Snapshot Testing with Xarray/Zarr

OCR uses syrupy for snapshot testing with custom support for xarray DataArrays and Datasets stored in zarr format.

Overview

The XarraySnapshotExtension and GeoDataFrameSnapshotExtension allow you to:

  • Create and compare snapshots of xarray DataArrays and Datasets and GeoPandas dataframes
  • Store snapshots in S3 (default) or locally
  • Handle large datasets efficiently using zarr format and geoparquet for geodataframes.

Basic Usage

S3 Snapshots (Default)

By default, snapshots are stored in S3 at s3://carbonplan-ocr/integration-tests/snapshots/. This is configured in tests/conftest.py and can be overridden if needed.

import numpy as np
import pytest
import xarray as xr
import geopandas as gpd
from ocr.testing import XarraySnapshotExtension, GeoDataFrameSnapshotExtension


@pytest.fixture
def xarray_snapshot(snapshot):
    return snapshot.use_extension(XarraySnapshotExtension)

@pytest.fixture
def geodataframe_snapshot(snapshot):
    return snapshot.use_extension(GeoDataFrameSnapshotExtension)

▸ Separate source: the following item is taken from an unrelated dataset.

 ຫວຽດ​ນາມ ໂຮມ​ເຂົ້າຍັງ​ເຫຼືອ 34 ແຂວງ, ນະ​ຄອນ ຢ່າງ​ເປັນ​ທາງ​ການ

def test_my_data(xarray_snapshot):
    data = xr.DataArray(
        np.array([[1, 2, 3], [4, 5, 6]]),
        dims=('x', 'y'),
    )
    assert xarray_snapshot == data


def test_geodataframe_snapshot_extension(geodataframe_snapshot) -> None:
    """Test snapshot extension for GeoDataFrames."""
    gdf = gpd.GeoDataFrame(
        {
            'name': ['Point A', 'Point B', 'Point C'],
            'value': [10.5, 20.3, 30.7],
            'category': ['type1', 'type2', 'type1'],
        },
        geometry=[Point(-120.0, 35.0), Point(-119.5, 35.5), Point(-119.0, 36.0)],
        crs='EPSG:4326',
    )
    assert geodataframe_snapshot == gdf

Run tests with:

# Create/update snapshots in S3
pixi run pytest tests/test_snapshot.py --snapshot-update

# Verify snapshots against S3
pixi run pytest tests/test_snapshot.py

Local Storage (Override)

If you prefer to store snapshots locally during development, you can override the default:

# Create/update local snapshots
SNAPSHOT_STORAGE_PATH=tests/__snapshots__ pixi run pytest tests/test_snapshot.py --snapshot-update

# Verify local snapshots
SNAPSHOT_STORAGE_PATH=tests/__snapshots__ pixi run pytest tests/test_snapshot.py

Configuration

The snapshot storage location is controlled by the SNAPSHOT_STORAGE_PATH environment variable:

  • Default: s3://carbonplan-ocr/integration-tests/snapshots/ (set in tests/conftest.py)
  • Override: Set SNAPSHOT_STORAGE_PATH to any local path or S3 URI

Examples

# Use default S3 storage (no env var needed)
pixi run tests-integration

# Override with local storage
SNAPSHOT_STORAGE_PATH=tests/__snapshots__ pixi run tests-integration

# Override with different S3 bucket
SNAPSHOT_STORAGE_PATH=s3://my-bucket/snapshots pixi run tests-integration

Snapshot Organization

Snapshots are named based on the test file and function:

{test_file}_{test_function}.zarr

Example:

  • Test file: tests/test_fire_risk.py
  • Test function: test_wind_adjustment
  • Snapshot name: test_fire_risk_test_wind_adjustment.zarr

Managing S3 Snapshots

List snapshots

aws s3 ls s3://carbonplan-ocr/integration-tests/snapshots/ --recursive

Delete old snapshots

# Delete a specific snapshot
aws s3 rm s3://carbonplan-ocr/integration-tests/snapshots/test_snapshot_test_example.zarr --recursive

# Delete all snapshots (careful!)
aws s3 rm s3://carbonplan-ocr/integration-tests/snapshots/ --recursive

Example: Complete Test Setup

# tests/test_fire_risk.py
import numpy as np
import pytest
import xarray as xr
from ocr.testing import XarraySnapshotExtension


@pytest.fixture
def xarray_snapshot(snapshot):
    return snapshot.use_extension(XarraySnapshotExtension)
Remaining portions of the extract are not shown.